Saturday, August 09, 2008

Daniel Barenboim on Concentration in Practice


In his autobiography A Life In Music, conductor and pianist Daniel Barenboim says this about practicing (p9 in my copy):

"All individuals have different spans of concentration. I have no strict rule mself, such as playing eight hours a day or no more than forty-five minutes. Both extremes are equally counter-productive. I never play a single note when my concentration is no longer at its height, for to do so would be to fall into the trap of playing mechanically."
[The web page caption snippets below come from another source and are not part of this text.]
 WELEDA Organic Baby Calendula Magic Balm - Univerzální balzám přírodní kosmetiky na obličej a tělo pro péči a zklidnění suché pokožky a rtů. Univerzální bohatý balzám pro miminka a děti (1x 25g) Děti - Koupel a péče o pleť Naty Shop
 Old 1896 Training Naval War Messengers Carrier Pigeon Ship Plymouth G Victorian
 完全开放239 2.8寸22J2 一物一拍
This sounds great in theory but some caveats may be in order in the case of small children. After all, they may still be learning the rudiments of how to focus on anything. Follow this guideline too strictly and your 5-year-old might never practice. You have to gently toe the line and work to extend and optimize their periods of concentration.

But it is a very important warning. You can usually bribe, threaten, or otherwise cajole a child to eventually get through practicing the days lesson but it truly could be counterproductive. I'll bet most kids could learn as much in 10 minutes of practicing where they choose to concentrate then they could in a week of being forced to while they're trying to weasel out of it.
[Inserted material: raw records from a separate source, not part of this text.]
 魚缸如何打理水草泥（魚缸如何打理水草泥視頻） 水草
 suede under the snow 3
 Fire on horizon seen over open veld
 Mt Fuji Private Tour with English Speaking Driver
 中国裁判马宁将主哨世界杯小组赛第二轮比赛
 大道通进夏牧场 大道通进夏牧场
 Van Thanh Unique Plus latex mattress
You need to gently redirect the wandering mind and try a few times to get back on track. But I agree with not pushing too hard. The trick to finding the period of concentration in the young child might have more to do with finding the right time of day in the right part of eating and sleeping cycles. And if focus is not there sometimes you have to just let it go.
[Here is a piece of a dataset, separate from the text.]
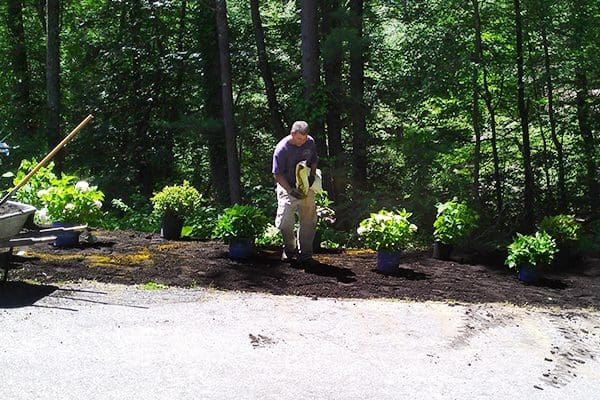 600x400-plant-health-care7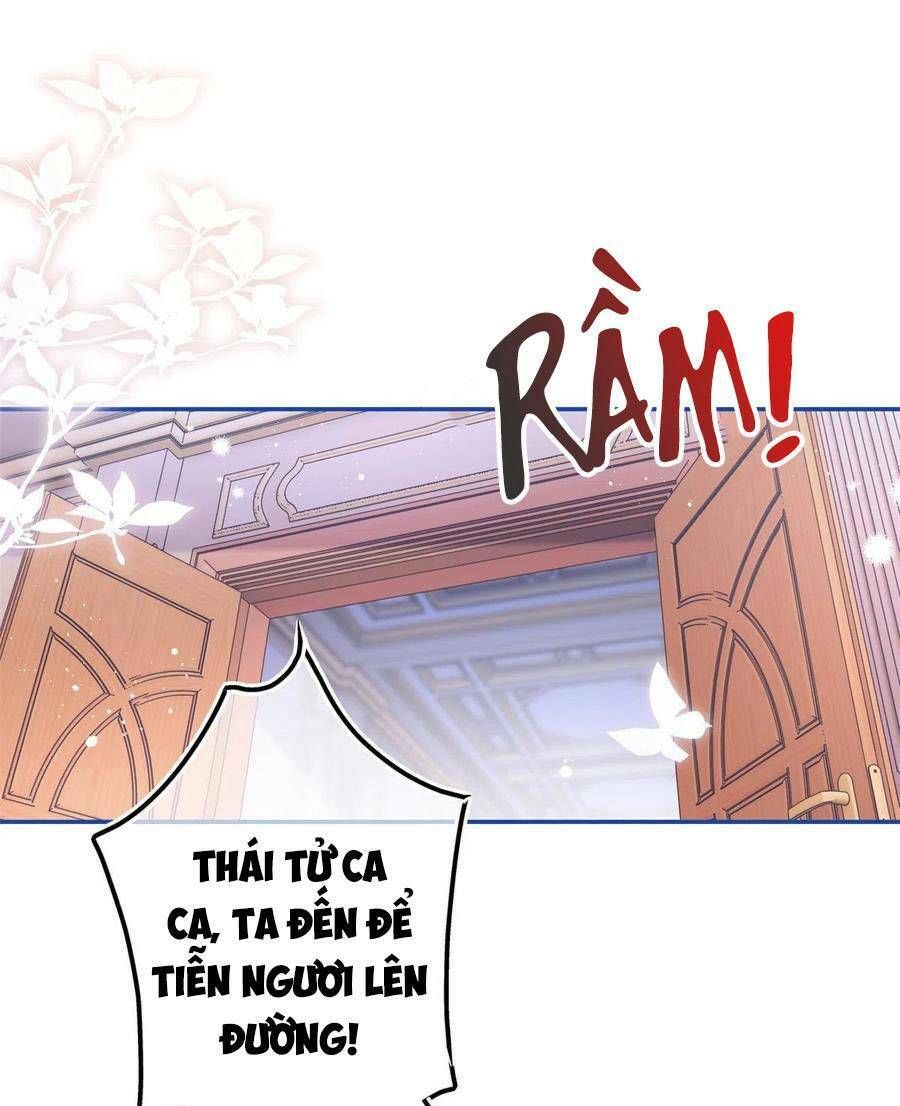 Chapter 85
I've often struggled with the case where my child brings plenty of concentration to the table in a practice session, except it's all directed at music outside of our assigned lesson plan. I'm loathe to suppress his creative expression though I'm sympathetic to the view that he needs to keep building his technical proficiency to ultimately increase the range of what he is capable of expressing on the instrument. Our violin teacher introduced the idea of 2 different practices, so you keep a very structured frame of mind for the "official" practice and are more laissez-fair on the other one. That view has sometimes been useful but proven a little too structured for us. When an idea arises, you need to pursue it. But if you do nothing but chase ideas you might miss important elements of your training. Emphasis on 'might'. Improvisation fits more naturally into our piano practice; no surprise there since our teacher is a jazz man.